Generally, the appeal of querying relational data as XQuery is less
appealing to the SQL-heads than the XQuery-heads. The XQuery vision,
like the SPARQL vision, is that there is a unified data model that all
data is projected into. At that point, you can do queries that join
data in HTML documents, spreadsheets, databases, tea leaves and goat
entrails (still in the research phase).
That could be nice, but it doesn't exist yet. I'm not to interested
in standards in research phase, because it will take years and years
before we will see something a standard. Currently XQuery is used to
query XML. It uses doc() to select the source, though MySQL doesn't
work with document based storage engines, they work with tables,
columns and rows. However in a cell there might be XML data,
therefore integrating XQuery in SQL is far more logical.
I think the preference for XQuery as the outside language stems mostly
from the use of URIs as global identifiers (while MySQL allows you to
specify a database in any field spec, it's not a global identifier).
However, I'm not hoping to convince folks here to switch to XQuery or
SPARQL, just that there are people who want to query MySQL data that
way.
In this scenario what exactly would be the advantage of adding
XQuery to MySQL. I could just use Berkeley DB XML if I want to
exclusively choose for XQuery.
I guess you could imagine each row to be a node and do
doc(mytable)[/acolumn/text()='banana']/mycolumn/products//[EMAIL PROTECTED]'casual']
to get to a pure XQuery solution. I personally like the solution
of DB2 better though. Or do you have another option?
The way I envisioned this mapping is that elements represent
attributes of tuple, so nested attributes were attributes of
attributes, and therefore joins. I'm not swapped in on the industry
practice in XQuery/relational mappings, though I'll pester the Oracle
folks in the XQuery WG for more info.
If you map relational data that way, content of the table will be
seen just as that. You would want to use XQuery if you're dealing
with XML, which will reside in a specific cell. If you would
implement it this way, you still can query that XML, loosing the
whole purpose.
I'm not aware that Oracle has XQuery support in their relational
database. As far as I know they only support that in a specific
Oracle XML DB and in Berkeley XML DB. To my knowledge, the only
mayor DB that supports this is IBM DB2 and they don't do relational
mapping in XQuery. Instead they do an SQL query with and import of
XML residing in a column to be used in the XQuery statement.
However, if you want a pure XQuery solution you will need mapping.

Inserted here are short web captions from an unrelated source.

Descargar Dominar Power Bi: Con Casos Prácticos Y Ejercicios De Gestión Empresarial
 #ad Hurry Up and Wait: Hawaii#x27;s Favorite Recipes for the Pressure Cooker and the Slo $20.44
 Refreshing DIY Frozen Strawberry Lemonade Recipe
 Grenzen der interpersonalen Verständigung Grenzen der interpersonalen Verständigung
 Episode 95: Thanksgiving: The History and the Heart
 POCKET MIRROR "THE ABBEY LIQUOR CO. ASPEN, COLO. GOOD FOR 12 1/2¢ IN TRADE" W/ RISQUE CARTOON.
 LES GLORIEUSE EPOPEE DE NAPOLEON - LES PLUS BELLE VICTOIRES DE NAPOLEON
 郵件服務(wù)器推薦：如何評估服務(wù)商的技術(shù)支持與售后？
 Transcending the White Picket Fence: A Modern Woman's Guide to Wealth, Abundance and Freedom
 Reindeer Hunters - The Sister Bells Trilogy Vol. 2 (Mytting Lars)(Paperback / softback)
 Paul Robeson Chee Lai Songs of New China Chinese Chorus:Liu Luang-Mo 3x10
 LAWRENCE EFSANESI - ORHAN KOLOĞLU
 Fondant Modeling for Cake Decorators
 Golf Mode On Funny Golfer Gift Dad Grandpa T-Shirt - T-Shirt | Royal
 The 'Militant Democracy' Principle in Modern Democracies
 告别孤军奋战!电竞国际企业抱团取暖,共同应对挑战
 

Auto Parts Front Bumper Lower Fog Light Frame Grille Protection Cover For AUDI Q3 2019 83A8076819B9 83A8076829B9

I like DB2s solution much better and therefore I think that allowing
additional parsers to be integrated in the current parser would be
the best solution. Not only do you not have to do relational mapping
where it doesn't belong, it also solves the API problem discussed
earlier.
If you asked the same question about SPARQL, I could do a better job
answering your question as that's the sort of code I write.
I don't know enough about SPARQL to ask intelligent questions about it.